McAfee Debuts iOS Data Protection Software

The company's WaveSecure software duplicates some of functions of Apple's Find My iPhone, but it also simplifies switching to Android or other mobile platforms, at least in part.

Thomas Claburn, Editor at Large, Enterprise Mobility

August 12, 2011

3 Min Read

McAfee on Monday plans to bring its mobile data protection software to consumers using Apple's iPhone. The computer security company will be offering its WaveSecure application through Apple's iTunes App Store for $20.

The iOS edition of WaveSecure is similar in most respects to the Android version, introduced in September 2009.

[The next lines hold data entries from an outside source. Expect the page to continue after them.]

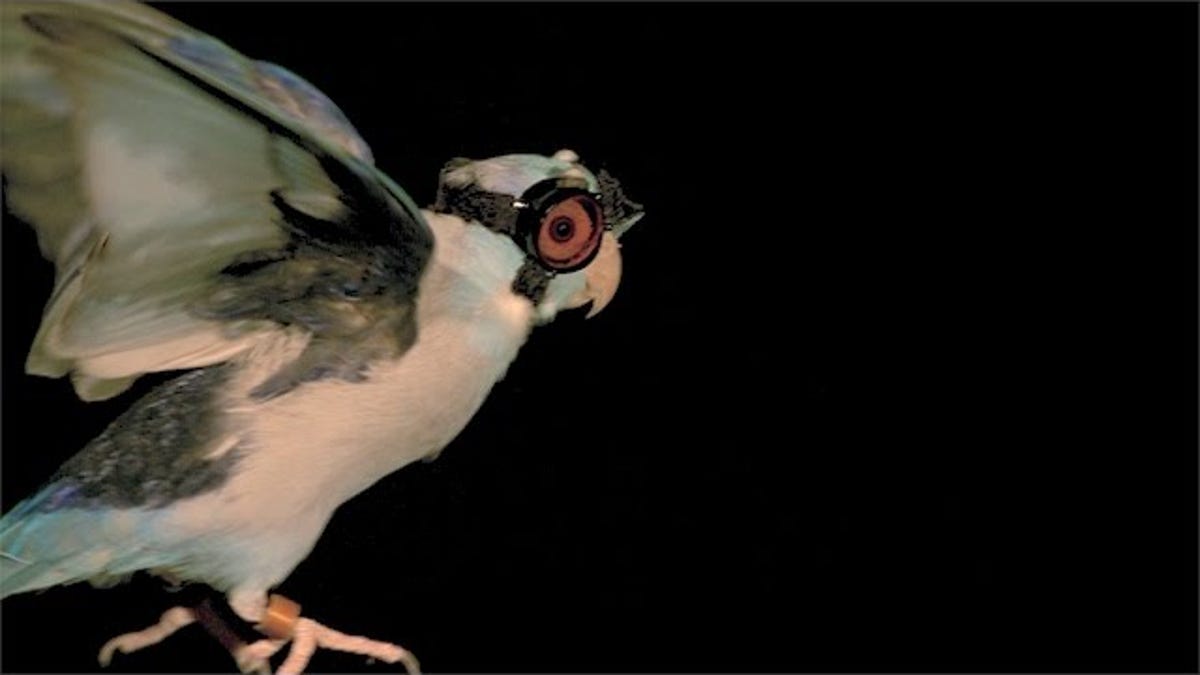 Scientists shoot lasers at bird in goggles to unravel the mysteries of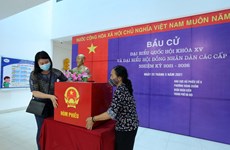 Chinese Ambassador hails Vietnam’s election preparations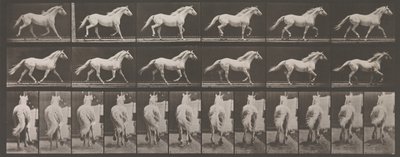 Djurrörelse. En elektrofotografisk undersökning av på varandra följande faser av djur ..., 1880-talet. av Eadweard Muybridge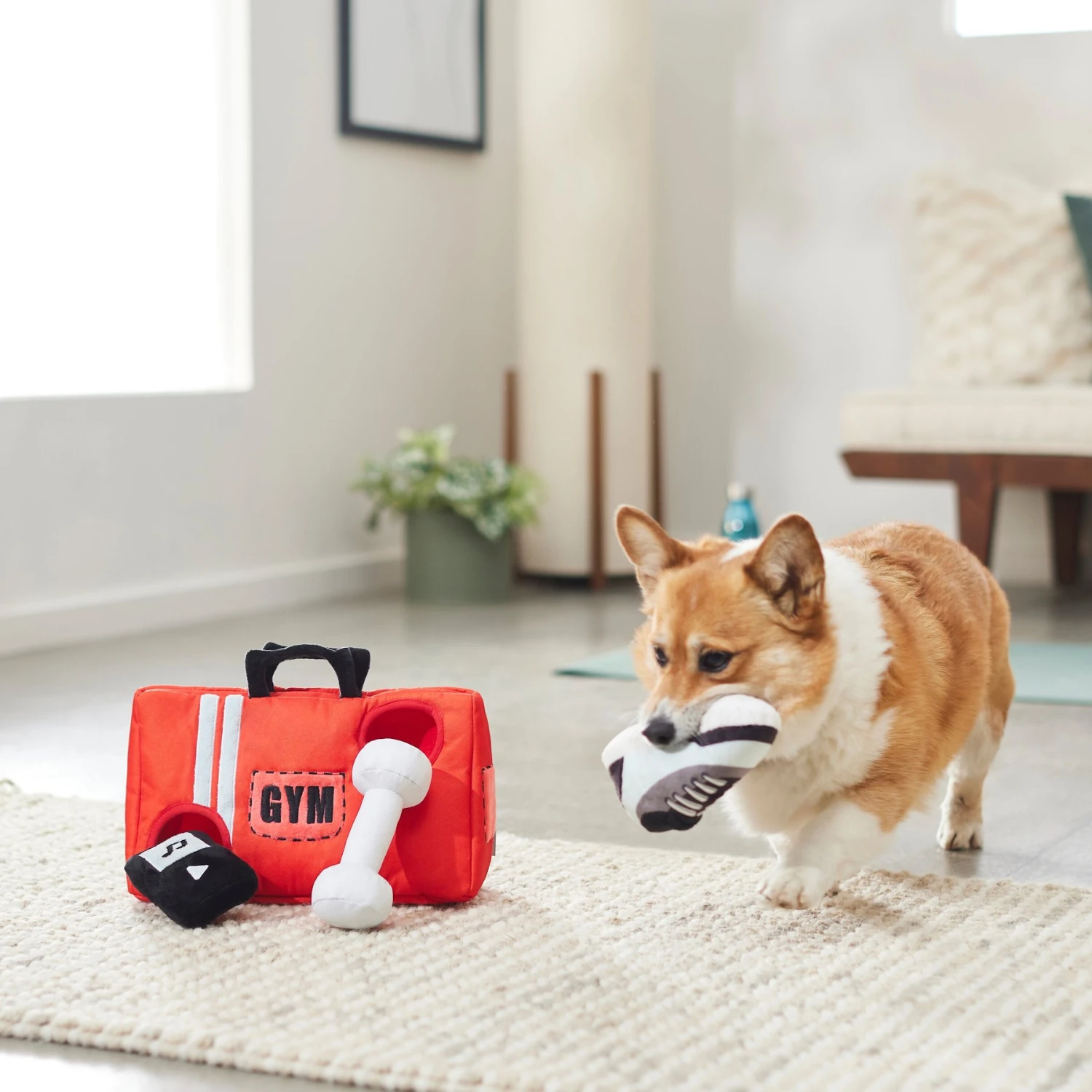 Frisco Gym Bag Hide & Seek Puzzle Plush Squeaky Dog Toy - Image 3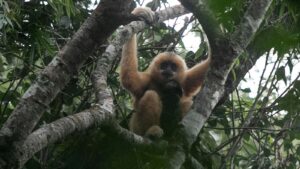 Why the Hainan gibbon may have bounced back from the brink of extinction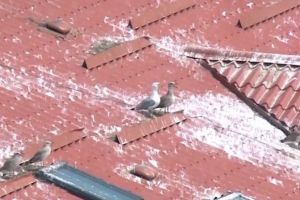 Pescăruşii din Sibiu – Motivul pentru care sunt din ce în ce mai mulţi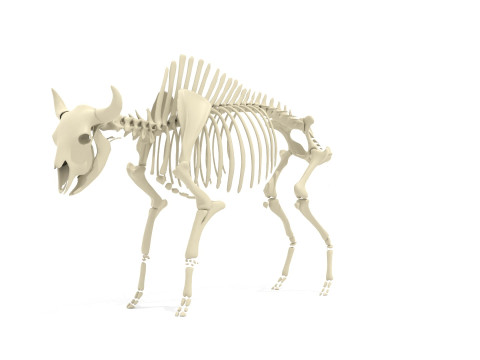 Bison Skeleton 3D Model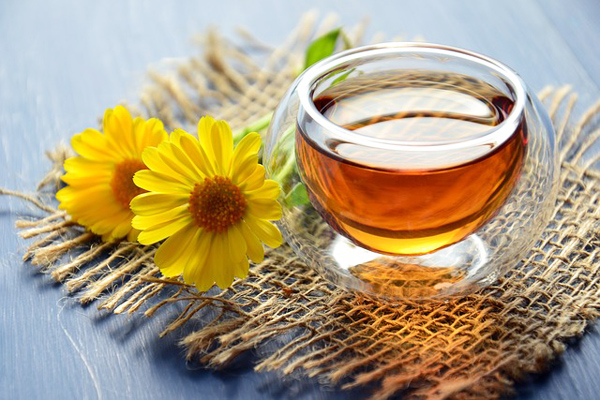 Ayahuasca Çayı Nedir? – Nefis Yemek Tarifleri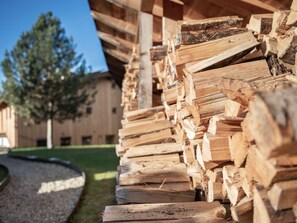 Property grounds - EXCLUSIVE FERIENWOHNUNG MIT EIGENER SAUNA by Interhome (Regen)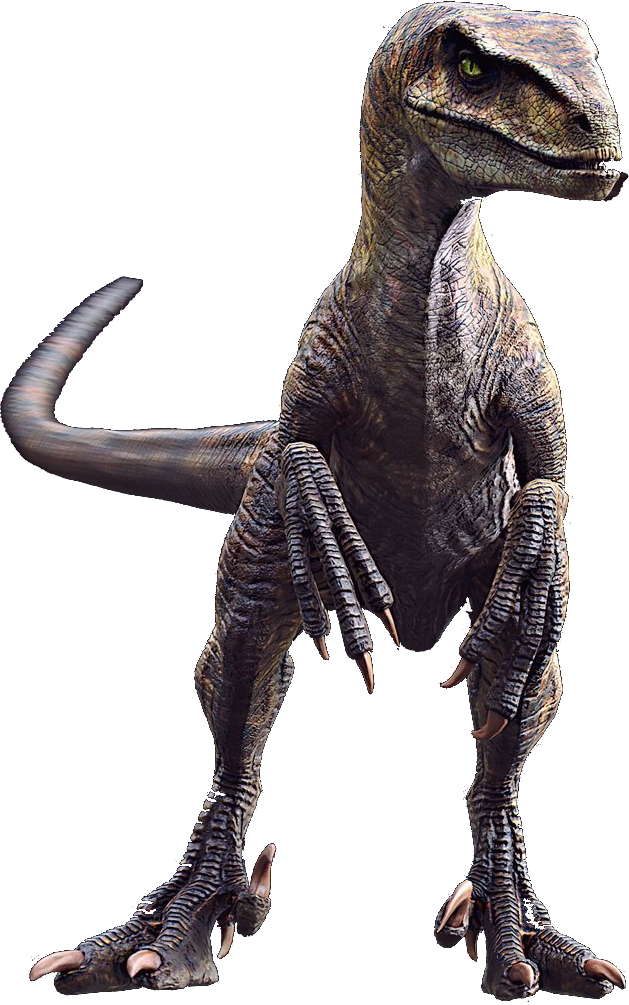 TLW Velociraptor Blank Meme Template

Although security issues have been more common on Android devices than iOS devices, WaveSecure doesn't offer malware mitigation technology. Rather it offers consumers some of the remote administrative capabilities found in enterprise mobile management software, capabilities best appreciated when one's phone is lost or stolen. Reliable statistics about the number of mobile phones lost or stolen annually are scarce, but it's safe to say that many millions of people confront this problem every year.

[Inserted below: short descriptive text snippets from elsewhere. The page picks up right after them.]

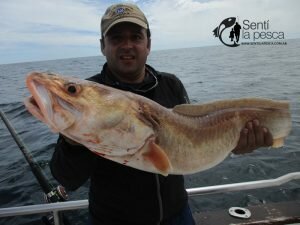 170213 EMBARCADOS EN MAR DEL PLATA10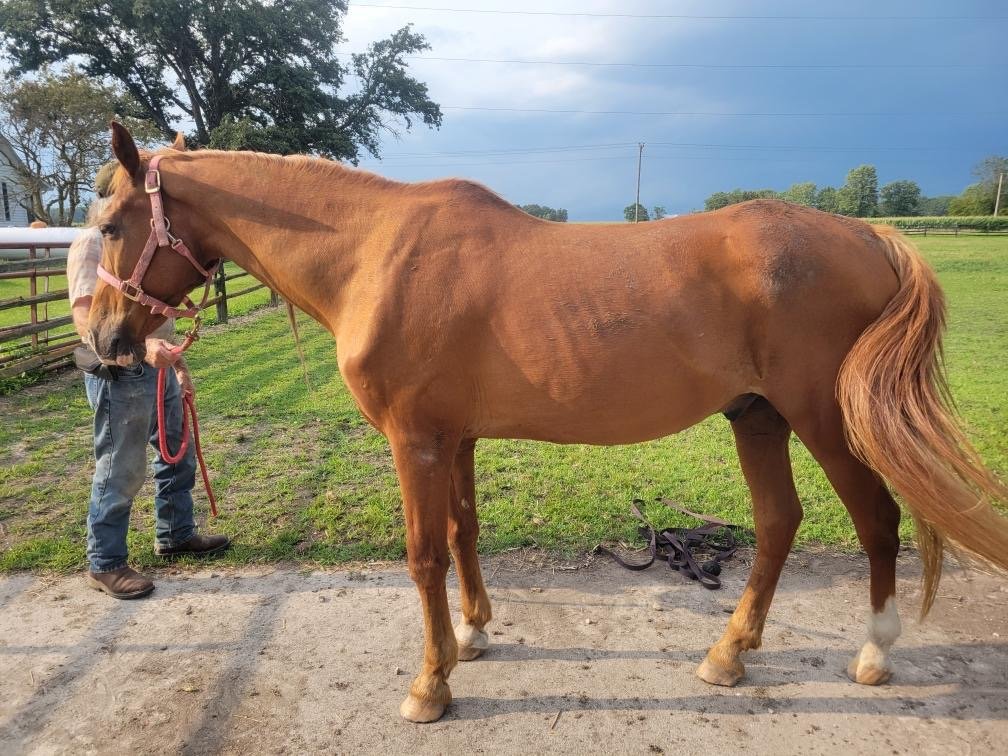 Chief is a 25 yr old ky mountain horse gelding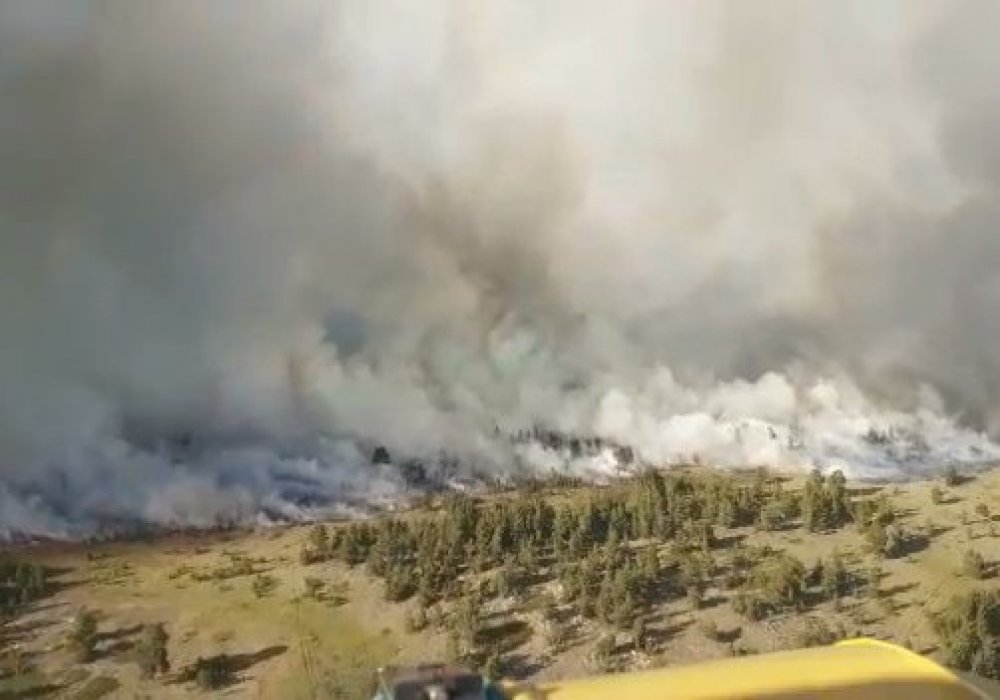 Пожар в национальном парке в Карагандинской области. Фото Tengrinews.kz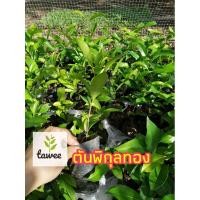 ราคา ต้นพิกุล ไม้ยืนต้น มีดอกหอม สีขาว พิกุล​ พิกุล​ทอง​ (8903845509)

"Consumers use their mobile devices to hold some of the most important details of their life," explained McAfee co-president Todd Gebhart in a statement. "McAfee WaveSecure software works seamlessly to secure, back up, and wirelessly restore content on the device via the online portal. So even if the device is lost, stolen, or damaged, or even if users accidentally delete their data, the data remains safe and easily accessible."

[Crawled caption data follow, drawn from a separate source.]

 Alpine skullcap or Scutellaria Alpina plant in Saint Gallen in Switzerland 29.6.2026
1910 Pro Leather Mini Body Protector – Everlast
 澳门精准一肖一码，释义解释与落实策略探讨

WaveSecure for iOS allows users to backup their contacts, photos, and videos, and to restore their contacts, from McAfree's WaveSecure website. It also offers the ability to track and locate a lost or stolen iPhone, provided the device is connected to a carrier or Wi-Fi network, and to remotely wipe one's contacts.

The iOS version however lacks some of the features available in the Android version: SMS and call log backup and restore, SIM tracking, and remote locking with an alarm.

"The WaveSecure product for iOS is somewhat different than on other platforms due the limitations set forth by Apple," said Lianne Caetano, director of product marketing for McAfee consumer mobile solutions, in an email. "iOS doesn’t have remote wipe. The wipe is a local wipe, which has to be triggered from the app."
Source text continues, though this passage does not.